The government’s hocking of smoothies and steam was an “embarrassing display”. The health of Tanzanians was being sacrificed so the leader could position himself as a “champion against western imperialism” and “entrench his increasingly authoritarian regime”.

“Replacing policy with a cult of personality … his style of governance is likely costing thousands of Tanzanian lives,” wrote Ms Chutel.

Paris based magazine Africa Report spoke to a doctor at one Tanzanian hospital who said the government’s intransigence was putting lives at risk.

“We are pressured by the authorities not to attend to people who have coronavirus symptoms rather than treating them for pneumonia and lung infections. As doctors, we are in danger because we are not even getting personal protective equipment.

“The government has to change its perception and take this pandemic seriously.”

The health ministry has denied it stops people being treated for COVID-19.

But now the virus appears to be stalking the corridors of power.

WHO WARNING

Last week, Seif Sharif Hamad, the Vice-President of Tanzania’s semi-autonomous island province of Zanzibar, died. The ACT-Wazalendo party, of which Mr Hamad belonged, openly stated he had the coronavirus.

Within hours, civil service head John Kijazi also died. It is suspected that was also due to COVID-19.

The WHO’s Mr Ghebreyesus passed his condolences to Tanzania’s government over the deaths, but said the country’s leaders needed to acknowledge COVID-19 and ready for vaccinations.

“The WHO is yet to receive any information regarding what measures Tanzania is taking to respond to the pandemic.

“This situation remains very concerning. I renew my call for Tanzania to start reporting COVID-19 cases and share data.”
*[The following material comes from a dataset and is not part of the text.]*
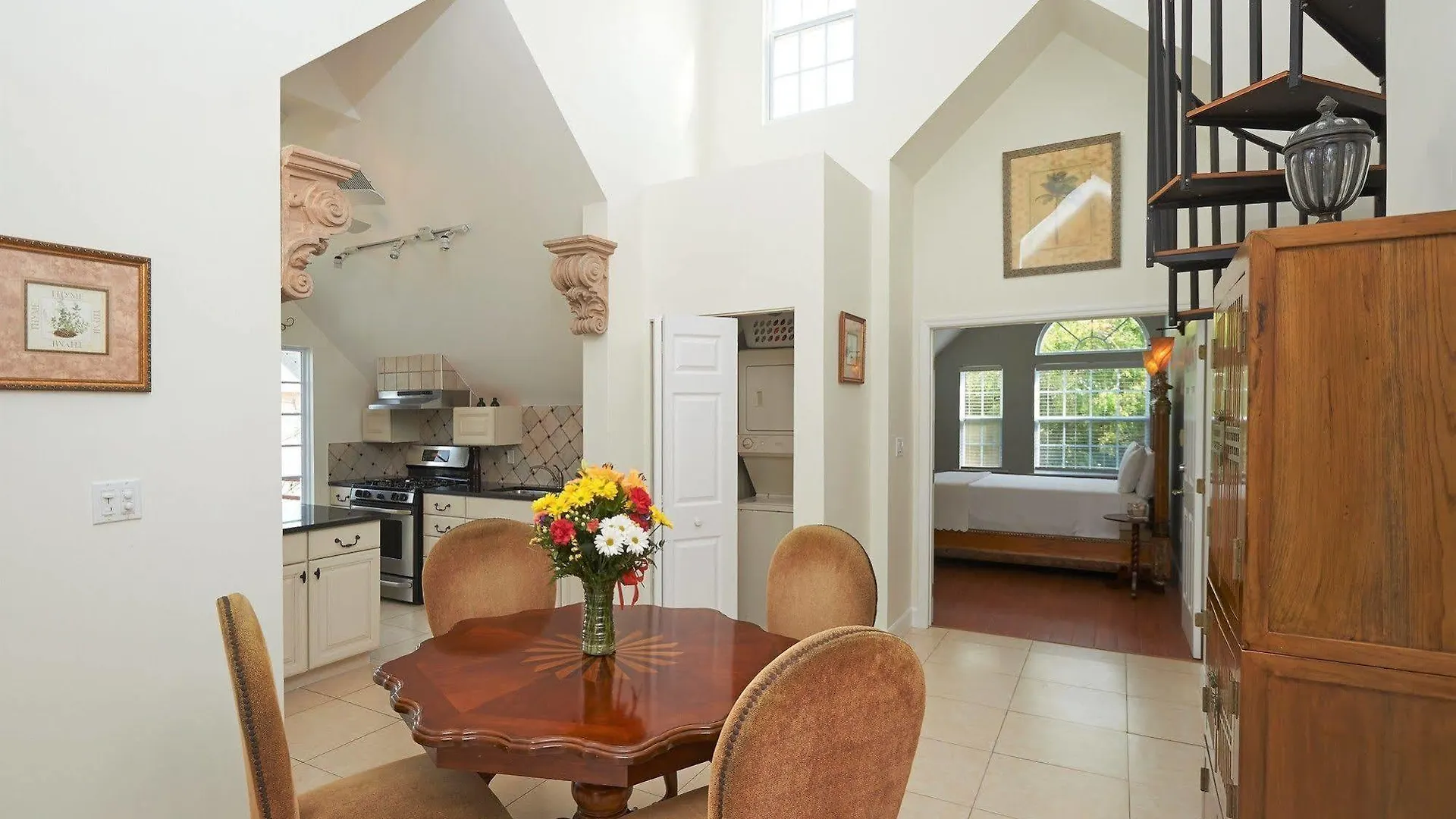 Shangri-La Boutique Bed & Breakfast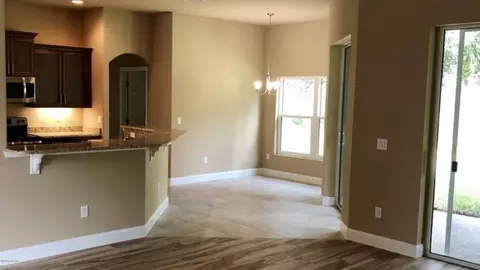 99 Chrysanthemum Dr, Ormond Beach, FL 32174 photo 6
The government may finally be awakening from its pandemic slumber. But only by a touch.

At Mr Hamad’s funeral, Mr Magufuli urged mourners to engage in three days of prayer for a “respiratory” illness. COVID-19 wasn’t mentioned, however.

“When this respiratory disease erupted last year, we won because we put God first and took other measures. I’m sure we will win again if we do so this time around,” he said.

Masks were not banned, he insisted, but were not for him.

“I put God first and that is why I do not wear a mask.”

Mr Magufuli has still not put a date on when Tanzania will start releasing date on coronavirus cases and deaths.

Perhaps, because to do so would be to admit that the strategy of smoothies and steam had failed. And that God had not answered all his many prayers.